# Finished Restoration Of My Bsa Folding Bike



## Rubber_Side_Down (Apr 9, 2016)

It took a while but I finally finished my restoration of my BSA folding bike.

The bike was missing parts when I acquired it and although I was able to find some (front brake caliper, brake lever), I had to fabricate some of the parts myself (brake cable assemblies, brake pads, front brake pad holders, hardware), and was able to get some parts reproduction (saddle, grips).  I restored it as close as I could to factory (even recreated some of the runs in the paint).  I still need to find/reproduce a tool bag and frame pump but the bike is practically finished (any ideas or leads on these items would be appreciated).  

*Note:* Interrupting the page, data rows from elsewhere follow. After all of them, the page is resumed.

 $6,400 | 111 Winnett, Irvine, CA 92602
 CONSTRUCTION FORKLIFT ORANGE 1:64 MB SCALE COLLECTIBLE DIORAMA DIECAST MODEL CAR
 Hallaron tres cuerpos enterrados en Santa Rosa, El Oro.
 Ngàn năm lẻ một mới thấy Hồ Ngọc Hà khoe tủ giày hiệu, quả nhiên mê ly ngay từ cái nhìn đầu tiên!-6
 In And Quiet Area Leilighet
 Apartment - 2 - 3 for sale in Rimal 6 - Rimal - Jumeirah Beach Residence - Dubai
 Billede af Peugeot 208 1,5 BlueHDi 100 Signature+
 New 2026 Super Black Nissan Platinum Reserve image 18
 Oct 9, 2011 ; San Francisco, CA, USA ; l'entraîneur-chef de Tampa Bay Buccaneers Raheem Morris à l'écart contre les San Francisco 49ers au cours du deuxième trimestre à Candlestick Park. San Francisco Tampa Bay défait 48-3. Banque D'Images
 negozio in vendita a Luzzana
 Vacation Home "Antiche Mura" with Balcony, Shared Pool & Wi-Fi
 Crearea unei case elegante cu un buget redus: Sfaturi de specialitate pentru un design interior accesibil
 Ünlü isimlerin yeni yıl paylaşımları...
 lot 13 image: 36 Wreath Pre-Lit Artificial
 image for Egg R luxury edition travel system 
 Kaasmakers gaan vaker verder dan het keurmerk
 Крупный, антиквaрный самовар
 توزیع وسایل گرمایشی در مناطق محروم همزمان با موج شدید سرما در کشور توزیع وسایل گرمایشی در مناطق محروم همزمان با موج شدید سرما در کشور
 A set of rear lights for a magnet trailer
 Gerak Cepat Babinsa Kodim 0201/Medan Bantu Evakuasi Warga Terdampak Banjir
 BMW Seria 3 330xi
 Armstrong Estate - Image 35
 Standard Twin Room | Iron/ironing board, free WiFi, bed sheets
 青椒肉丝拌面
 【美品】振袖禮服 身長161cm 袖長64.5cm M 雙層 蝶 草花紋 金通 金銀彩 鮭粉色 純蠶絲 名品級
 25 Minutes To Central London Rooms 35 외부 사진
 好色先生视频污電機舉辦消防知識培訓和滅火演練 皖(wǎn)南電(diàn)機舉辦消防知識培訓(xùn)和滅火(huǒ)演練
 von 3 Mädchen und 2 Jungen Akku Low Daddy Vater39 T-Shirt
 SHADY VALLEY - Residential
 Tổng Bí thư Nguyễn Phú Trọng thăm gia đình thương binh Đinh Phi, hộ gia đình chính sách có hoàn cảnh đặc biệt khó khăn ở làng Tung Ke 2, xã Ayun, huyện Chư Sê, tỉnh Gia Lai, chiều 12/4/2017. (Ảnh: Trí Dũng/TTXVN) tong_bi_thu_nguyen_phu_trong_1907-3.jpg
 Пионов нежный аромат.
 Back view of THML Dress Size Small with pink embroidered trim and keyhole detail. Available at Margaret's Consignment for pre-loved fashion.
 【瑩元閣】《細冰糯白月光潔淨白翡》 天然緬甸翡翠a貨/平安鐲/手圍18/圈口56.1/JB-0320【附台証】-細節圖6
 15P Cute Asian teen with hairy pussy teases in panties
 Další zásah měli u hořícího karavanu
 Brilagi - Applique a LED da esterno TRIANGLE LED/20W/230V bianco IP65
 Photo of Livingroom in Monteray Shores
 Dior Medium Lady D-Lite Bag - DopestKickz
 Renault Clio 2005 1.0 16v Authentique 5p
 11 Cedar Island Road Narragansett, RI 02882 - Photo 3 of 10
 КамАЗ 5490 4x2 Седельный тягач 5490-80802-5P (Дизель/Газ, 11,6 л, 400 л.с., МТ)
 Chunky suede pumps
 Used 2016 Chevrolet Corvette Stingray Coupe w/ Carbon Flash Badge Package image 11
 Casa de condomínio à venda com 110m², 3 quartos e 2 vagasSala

I spend a lot of time digging through everything I could find on the internet to help with the restoration.  I also documented the whole process in case my efforts may help others trying to restore one of these.  The link to the facebook album that contains high resolution photos is here; https://www.facebook.com/media/set/?set=a.10101361476432239.1073741835.12811241&type=1&l=9686429dd9

The reproduction of the brake cable housings involved old shoe laces and lots of pastidip.  You can find detailed instructions on how to fabricate the cable housings on the website I was able to get many of the small parts to make the housings.  It is at the very bottom of this webpage; http://www.myronsmopeds.com/category/cable-parts/

I hope some of this information may help others working on these bikes.  I would be happy to answer any questions.


----------



## Robertriley (Apr 9, 2016)

Super job!  I picked up one last week and it's mostly complete except for the seat and I have one coming in on Tuesday.  I greased both hubs and the crank today and patina painted a generic pump.


----------



## brassbusterpc (Apr 10, 2016)

Super NICE


----------



## Rubber_Side_Down (Apr 10, 2016)

Robertriley, your bike looks in fine shape.  Painting a generic frame pump came out well.  I may try that too.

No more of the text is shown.